Every year, my girls are excited because some of their female cousins will come for a visit and spend time with them.    It is their bonding time.  This year the big thing for them was manicure and pedicure.  As soon as they arrived, they texted me to see if they could have manicures and pedicures, in this case we obliged and let them enjoy the weekend.

On April 7th we were deciding which place to have our dinner and my nephew reminded us that a new restaurant named Aoyama just opened on Thursday that week.    There is something about supporting your local business and I’m passionate about it, therefore it was not hard to make such a decision.

So, Aoyama it was.  We went at 6:30 PM to try to beat the mad dinner rush.  We arrived, and with minimal waiting, we were seated, in spite of having a party of eight.   The restaurant has a great ambience and the first impression was great.   They took our drink orders then later our meal orders were taken by 6:45 PM.

By the time we realized it, it was 7:30 PM and none of our food had been brought out.    Meanwhile, we saw some of the people around us, who came in later than us, being served.   We asked the waitress and she indicated that she would check and it was coming out.

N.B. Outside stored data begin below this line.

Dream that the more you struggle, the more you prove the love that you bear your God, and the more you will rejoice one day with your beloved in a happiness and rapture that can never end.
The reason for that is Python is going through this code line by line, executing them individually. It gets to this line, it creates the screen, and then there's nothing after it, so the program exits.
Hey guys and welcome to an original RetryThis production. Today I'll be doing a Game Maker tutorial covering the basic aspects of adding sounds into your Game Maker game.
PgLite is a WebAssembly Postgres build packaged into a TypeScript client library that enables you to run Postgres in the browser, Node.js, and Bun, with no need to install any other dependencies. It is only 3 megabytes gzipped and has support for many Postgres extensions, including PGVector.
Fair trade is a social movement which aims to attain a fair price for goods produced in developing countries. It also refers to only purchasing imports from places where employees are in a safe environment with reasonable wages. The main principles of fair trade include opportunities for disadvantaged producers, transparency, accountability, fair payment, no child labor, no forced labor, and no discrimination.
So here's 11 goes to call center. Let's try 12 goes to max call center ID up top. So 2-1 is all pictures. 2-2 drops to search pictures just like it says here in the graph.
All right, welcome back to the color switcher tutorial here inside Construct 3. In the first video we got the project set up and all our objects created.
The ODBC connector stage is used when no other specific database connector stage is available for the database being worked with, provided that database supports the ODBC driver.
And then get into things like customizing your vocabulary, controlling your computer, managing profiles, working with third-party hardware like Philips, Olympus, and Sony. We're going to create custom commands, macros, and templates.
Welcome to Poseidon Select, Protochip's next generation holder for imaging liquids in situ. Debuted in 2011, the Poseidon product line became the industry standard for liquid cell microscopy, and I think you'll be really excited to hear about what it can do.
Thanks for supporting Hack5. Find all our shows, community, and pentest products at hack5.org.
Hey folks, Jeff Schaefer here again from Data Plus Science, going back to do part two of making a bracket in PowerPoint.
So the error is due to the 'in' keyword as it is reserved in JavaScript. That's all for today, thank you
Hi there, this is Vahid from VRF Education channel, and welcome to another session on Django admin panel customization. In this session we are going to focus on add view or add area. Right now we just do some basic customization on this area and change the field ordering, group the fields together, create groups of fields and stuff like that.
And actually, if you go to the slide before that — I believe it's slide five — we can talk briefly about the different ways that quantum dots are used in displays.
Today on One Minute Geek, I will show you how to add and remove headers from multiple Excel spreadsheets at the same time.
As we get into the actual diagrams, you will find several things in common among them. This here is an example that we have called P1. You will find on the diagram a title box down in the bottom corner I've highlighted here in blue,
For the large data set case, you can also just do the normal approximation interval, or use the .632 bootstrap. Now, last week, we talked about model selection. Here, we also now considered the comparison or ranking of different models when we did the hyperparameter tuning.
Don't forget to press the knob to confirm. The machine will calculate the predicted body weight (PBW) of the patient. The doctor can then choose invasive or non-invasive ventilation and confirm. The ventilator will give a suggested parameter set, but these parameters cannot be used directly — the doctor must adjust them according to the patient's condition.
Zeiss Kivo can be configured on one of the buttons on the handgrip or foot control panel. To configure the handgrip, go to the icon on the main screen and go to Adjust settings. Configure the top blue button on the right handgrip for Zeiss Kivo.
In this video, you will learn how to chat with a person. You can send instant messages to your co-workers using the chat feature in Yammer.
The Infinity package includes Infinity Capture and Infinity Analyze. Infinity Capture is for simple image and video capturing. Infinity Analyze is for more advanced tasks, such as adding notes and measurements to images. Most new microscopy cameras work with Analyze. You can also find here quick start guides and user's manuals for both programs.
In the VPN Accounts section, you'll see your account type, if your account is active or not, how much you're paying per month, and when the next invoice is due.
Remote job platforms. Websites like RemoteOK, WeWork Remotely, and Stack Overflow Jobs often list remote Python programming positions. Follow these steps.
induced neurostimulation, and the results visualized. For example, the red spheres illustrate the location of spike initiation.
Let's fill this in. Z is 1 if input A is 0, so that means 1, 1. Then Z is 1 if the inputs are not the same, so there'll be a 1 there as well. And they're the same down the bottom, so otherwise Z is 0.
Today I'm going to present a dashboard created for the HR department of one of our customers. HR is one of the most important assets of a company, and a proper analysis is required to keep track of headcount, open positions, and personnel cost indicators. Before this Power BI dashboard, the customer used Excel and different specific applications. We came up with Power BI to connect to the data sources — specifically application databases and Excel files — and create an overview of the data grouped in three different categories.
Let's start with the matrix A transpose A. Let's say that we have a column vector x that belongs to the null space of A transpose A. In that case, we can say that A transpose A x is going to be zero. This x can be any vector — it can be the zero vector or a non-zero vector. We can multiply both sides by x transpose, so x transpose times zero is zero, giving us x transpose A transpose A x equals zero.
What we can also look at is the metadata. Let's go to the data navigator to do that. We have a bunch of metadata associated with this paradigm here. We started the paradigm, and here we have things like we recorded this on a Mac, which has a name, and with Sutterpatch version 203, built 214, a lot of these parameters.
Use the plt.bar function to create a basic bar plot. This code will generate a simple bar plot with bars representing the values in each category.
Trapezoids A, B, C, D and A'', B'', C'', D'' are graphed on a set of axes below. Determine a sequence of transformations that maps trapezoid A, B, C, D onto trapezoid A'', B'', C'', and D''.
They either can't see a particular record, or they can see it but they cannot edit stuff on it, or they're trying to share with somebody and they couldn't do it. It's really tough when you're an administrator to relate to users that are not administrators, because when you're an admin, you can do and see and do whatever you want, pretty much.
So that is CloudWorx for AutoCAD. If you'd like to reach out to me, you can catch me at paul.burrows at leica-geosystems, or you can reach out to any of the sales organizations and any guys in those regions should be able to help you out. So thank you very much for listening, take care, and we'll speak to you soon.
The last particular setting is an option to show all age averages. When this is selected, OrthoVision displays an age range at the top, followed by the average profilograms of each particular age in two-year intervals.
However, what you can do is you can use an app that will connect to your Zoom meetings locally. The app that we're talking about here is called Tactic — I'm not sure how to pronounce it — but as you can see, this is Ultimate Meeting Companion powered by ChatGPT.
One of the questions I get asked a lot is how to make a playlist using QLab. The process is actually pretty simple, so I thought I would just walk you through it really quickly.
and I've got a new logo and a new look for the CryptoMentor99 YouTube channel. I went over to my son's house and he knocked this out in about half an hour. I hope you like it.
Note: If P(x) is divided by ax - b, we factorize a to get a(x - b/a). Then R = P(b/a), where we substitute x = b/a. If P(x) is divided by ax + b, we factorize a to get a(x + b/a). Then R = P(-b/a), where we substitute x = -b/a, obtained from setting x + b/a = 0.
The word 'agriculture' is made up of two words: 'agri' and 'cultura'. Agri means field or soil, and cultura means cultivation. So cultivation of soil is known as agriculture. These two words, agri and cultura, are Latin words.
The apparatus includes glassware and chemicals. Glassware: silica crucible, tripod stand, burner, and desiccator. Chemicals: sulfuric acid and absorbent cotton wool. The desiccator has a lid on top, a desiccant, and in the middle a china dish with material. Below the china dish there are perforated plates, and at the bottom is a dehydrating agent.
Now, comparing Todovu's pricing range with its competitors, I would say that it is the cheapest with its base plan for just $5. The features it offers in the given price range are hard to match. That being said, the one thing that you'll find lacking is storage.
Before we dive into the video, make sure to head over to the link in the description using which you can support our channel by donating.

Around 7:45 pm, four dishes came out, but the noodle soups for my girls were still not ready.  Also, two other sushi dishes were not served.    At that time, I asked the waitress for a word with the manager.  The manager did not approach our table until 8:30, at which point we had waited almost two-hours.   He explained that they were really busy and he was very sorry.  When I explained that we had waited almost two hours, he declared that there were two other groups that had the same issues.  I was shocked by his response. What was the benefit of telling me that we were not alone and I was in the same boat as two other groups?    That’s not the way to do customer service.  I mean, highlighting your deficiency will not make your customer happy.   I was only asking for an explanation why orders were served to people around us, but he had no answers other than “I’m very sorry.”

By 8:45, one of the noodle soups came out.  At that time, my 6-year-old said, if we ate at the other Japanese restaurant we would be long done.    I was expecting the other noodle dishes to come out soon.  But I found out they had not been prepared it at all.   We can cook the same noodle soup at home in 30 minutes. Why did we wait over two hours for their noodle soup?  I gave them too much credit to do the right thing and they messed up the chance to have a good customer experience.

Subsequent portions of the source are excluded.